* Task instructions
From the entries below, retype only the lines from the one with "Visions video is" through the one with "Let's start with", exactly as written.

* Provided information
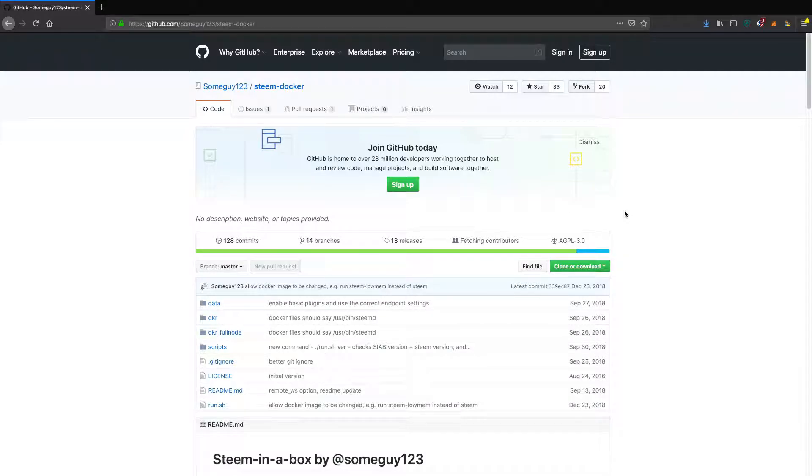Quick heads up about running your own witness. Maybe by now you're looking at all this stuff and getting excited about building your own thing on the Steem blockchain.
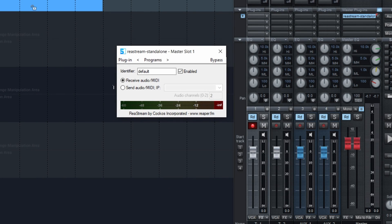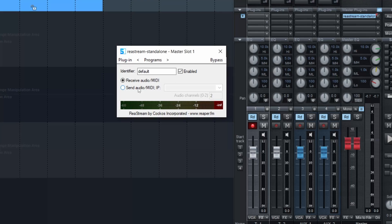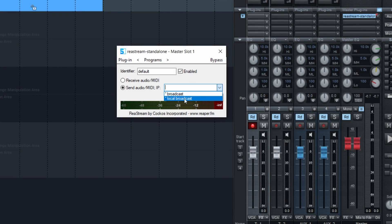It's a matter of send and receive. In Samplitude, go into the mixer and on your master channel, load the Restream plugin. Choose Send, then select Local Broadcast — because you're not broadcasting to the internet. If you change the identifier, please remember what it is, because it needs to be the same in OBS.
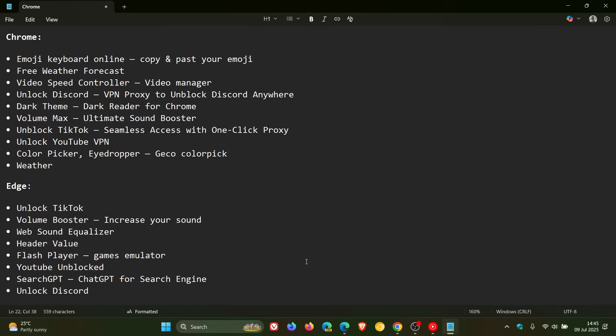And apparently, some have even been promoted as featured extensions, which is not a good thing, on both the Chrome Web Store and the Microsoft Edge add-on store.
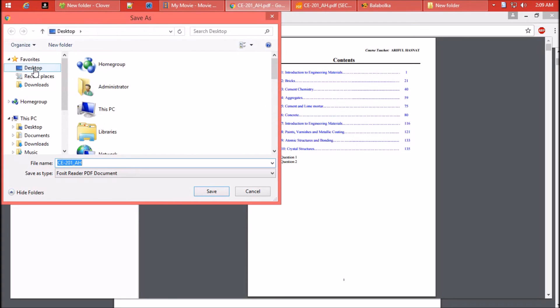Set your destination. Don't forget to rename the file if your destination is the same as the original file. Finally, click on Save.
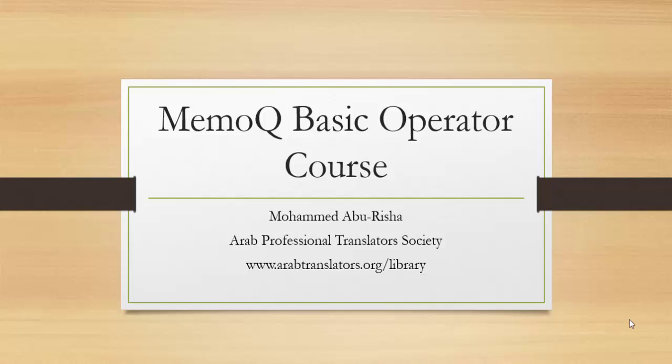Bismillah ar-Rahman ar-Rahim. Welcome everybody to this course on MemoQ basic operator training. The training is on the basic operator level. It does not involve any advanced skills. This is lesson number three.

==

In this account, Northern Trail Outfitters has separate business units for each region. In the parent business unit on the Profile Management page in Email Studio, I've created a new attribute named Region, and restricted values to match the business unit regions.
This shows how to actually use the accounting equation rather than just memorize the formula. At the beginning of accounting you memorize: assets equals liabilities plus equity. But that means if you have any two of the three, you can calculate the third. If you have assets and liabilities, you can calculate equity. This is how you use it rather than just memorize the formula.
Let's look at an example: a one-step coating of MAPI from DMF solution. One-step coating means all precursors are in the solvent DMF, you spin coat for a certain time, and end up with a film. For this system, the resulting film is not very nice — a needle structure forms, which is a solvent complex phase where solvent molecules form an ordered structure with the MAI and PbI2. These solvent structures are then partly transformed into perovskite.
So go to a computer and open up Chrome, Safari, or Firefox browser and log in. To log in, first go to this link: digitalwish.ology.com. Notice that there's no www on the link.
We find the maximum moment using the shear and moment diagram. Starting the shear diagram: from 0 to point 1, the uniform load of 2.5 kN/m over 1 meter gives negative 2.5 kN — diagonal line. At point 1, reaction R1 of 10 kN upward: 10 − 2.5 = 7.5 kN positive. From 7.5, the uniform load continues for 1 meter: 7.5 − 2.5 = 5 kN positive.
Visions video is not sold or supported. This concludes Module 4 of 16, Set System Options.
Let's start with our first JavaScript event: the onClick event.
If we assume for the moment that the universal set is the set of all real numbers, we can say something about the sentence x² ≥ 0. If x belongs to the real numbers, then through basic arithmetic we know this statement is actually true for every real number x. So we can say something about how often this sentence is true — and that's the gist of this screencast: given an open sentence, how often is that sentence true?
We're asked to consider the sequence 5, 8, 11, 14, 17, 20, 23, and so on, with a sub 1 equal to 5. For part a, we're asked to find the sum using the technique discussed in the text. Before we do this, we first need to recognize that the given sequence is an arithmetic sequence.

---

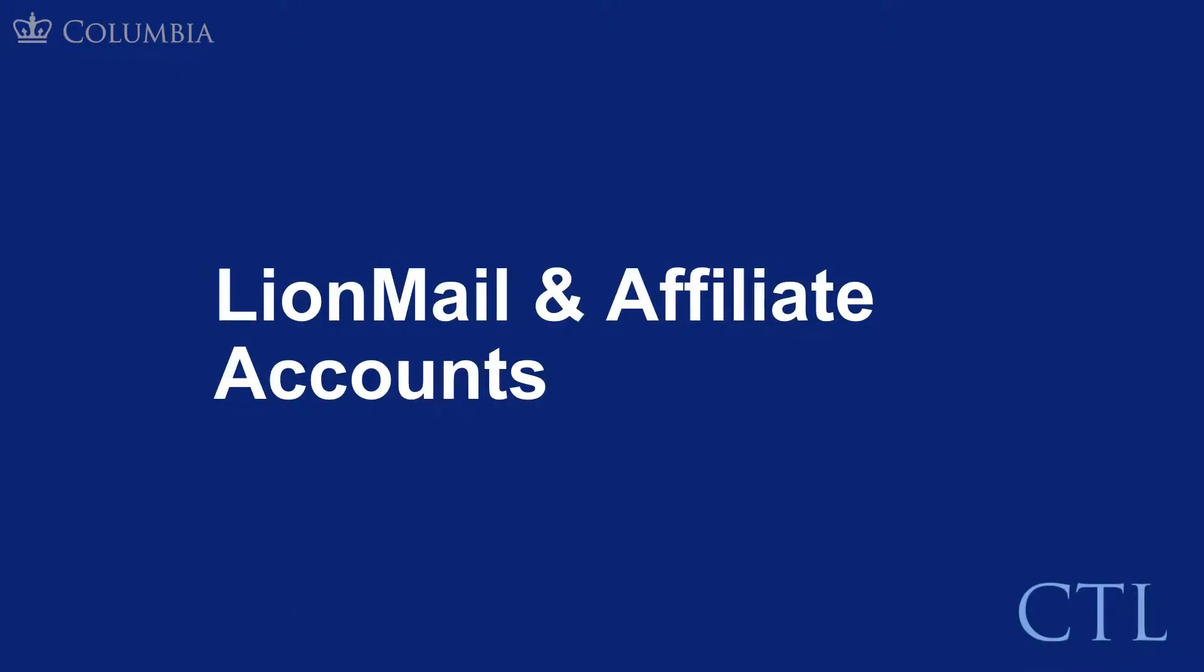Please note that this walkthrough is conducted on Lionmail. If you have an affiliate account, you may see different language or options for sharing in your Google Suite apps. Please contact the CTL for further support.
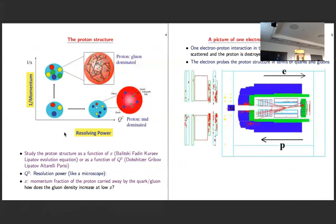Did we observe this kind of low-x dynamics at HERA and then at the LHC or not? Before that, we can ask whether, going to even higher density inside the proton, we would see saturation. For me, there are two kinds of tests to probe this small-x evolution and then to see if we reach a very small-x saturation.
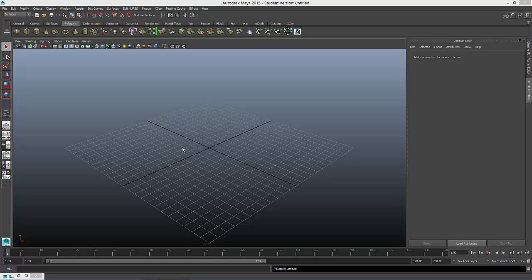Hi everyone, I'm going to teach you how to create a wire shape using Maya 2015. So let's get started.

* Answer space
Visions video is not sold or supported. This concludes Module 4 of 16, Set System Options.
Let's start with our first JavaScript event: the onClick event.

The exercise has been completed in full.